The state of our heart

Lee's Summit JournalFebruary 21, 2014 

My children have a bit too much of their father in them for their own good. Despite our best efforts, they on occasion misbehave by mistreating one or more of their siblings. Living in the same house means you know what buttons to push to get one of those over-the-top reactions from a sister. At other times, the day is simply not going their way and being grumpy is far easier than being pleasant.

My wife has a clever way of speaking to our girls when situations get really bad. She pulls the offending child to the side and asks, “What was in your heart right then?” It’s actually a brilliant approach on my wife’s part because it immediately gets to the most critical aspect of all our behavior – the state of our heart.

Solomon wrote about the evil man that “as he thinks in his heart, so is he” (Proverbs 23:7). He previously encouraged his children to “Keep your heart with all diligence, for out of it spring the issues of life” (Proverbs 4:23). Everything about who we are – our values, our passions and our aversions – can be found within the chambers of our heart. In fact, regarding the spiritual battles which rage between our flesh and the spirit, the heart is the prize which goes to the victor.

God referred to David as “a man after My own heart” (Acts 13:22). As we look into David’s life, we don’t find a flawless life. We see David’s faith in God as he faced Goliath. We see David restraining his hand when unjustly persecuted by Saul because of David’s respect for God’s anointed kings. David was certainly admirable, but not flawless. In fact, the Bible openly details his great sins, especially adultery with Bathsheba and later giving the command to have her husband killed in battle.

How can a man who committed adultery and then tried to hide it be considered a man after God’s own heart? We find the answer in David’s response to his sins. He didn’t embrace his weaknesses and ask God to accept him without change nor did he blow them off as not being a big deal. David recognized the severity of his sins and that these awful acts came about when his heart was not right with God.

Not only did David understand his heart was at the root of these sins, he also understood that only God could make his heart right. In Psalm 51:10 David wrote, “Create in me a clean heart, O God, and renew a steadfast spirit within me.”

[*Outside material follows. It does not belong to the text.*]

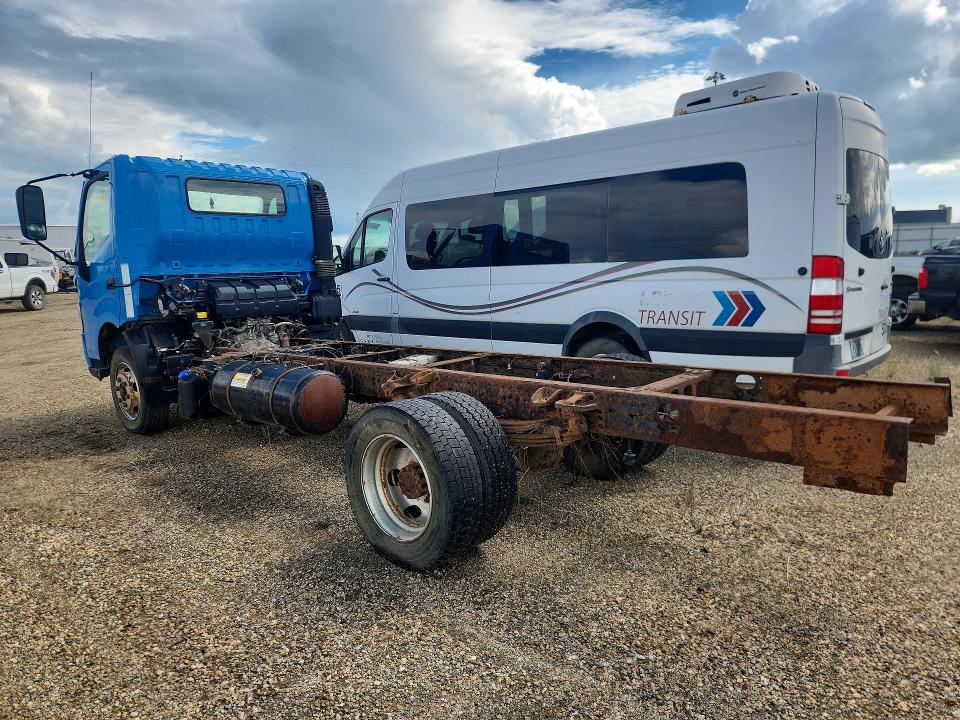 2015 Hino All other VIN 2AYRDM2H6F1000337 COPART salvage auction — MECHANICAL, AB - BOS - NONREPAIRABLE, sold $1,000 on 2026-07-30 (photo 2)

Just like the lesson my wife tries to teach my daughters, my spiritual problems have been heart related. I have kept secret sins within the chambers of my heart because I have been unwilling to let them go. As Solomon wrote centuries ago, my heart reveals not just my secrets, but also who I am. Perhaps we don’t look close enough at our hearts because we know we won’t like what we find.

We need the courage the open up our hearts, examine what we have placed inside them, and, if necessary, allow the Lord to create in us a clean heart. We need to find a way to be like David – men and women after God’s own heart.